MEDIA RELATIONS OFFICE JET PROPULSION LABORATORY CALIFORNIA INSTITUTE OF TECHNOLOGY NATIONAL AERONAUTICS AND SPACE ADMINISTRATION PASADENA, CALIF. 91109. TELEPHONE (818) 354-5011 http://www.jpl.nasa.gov
Mars Climate Orbiter Mission StatusDecember 16, 1998
Mars Climate Orbiter is in excellent health and continues to be monitored around the clock by the Deep Space Network. The orbiter flight team is currently developing the first "housekeeping" command sequence to be loaded onboard the spacecraft, which will allow the spacecraft to perform autonomous, routine subsystem checkouts and tasks without the aid of real-time commanding from the ground.
Twenty-four-hour coverage of the orbiter using the Deep Space Network will end Thursday, December 17, when the new command sequence has been activated and reduces coverage to three times per day.
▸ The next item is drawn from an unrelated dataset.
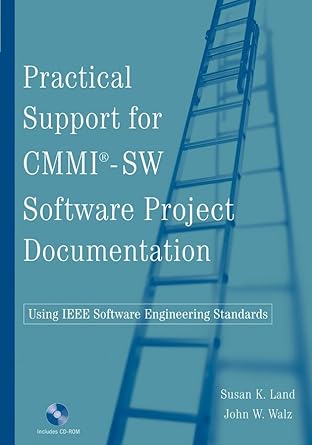 practical support for cmmi sw software project documentation using ieee software engineering standards 1st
The onboard housekeeping sequence has been designed to run for the next four weeks, through the January 3, 1999 launch of the orbiter's sister spacecraft, Mars Polar Lander.
In addition to initiating the first onboard housekeeping routines, the flight teams at Lockheed-Martin Astronautics, Denver, and JPL are developing the parameters that will be uplinked to execute the spacecraft's first trajectory correction maneuver, scheduled for Monday, December 21. An implementation strategy has been identified which satisfies all spacecraft thermal and pointing constraints, and provides for continuous radio communication at the current 2,100 bits per second data rate throughout the maneuver.
Mars Climate Orbiter is currently 1.12 million kilometers (700,000 miles) from Earth, traveling at a speed of about 3.41 kilometers per second (7,628 miles per hour) with respect to Earth.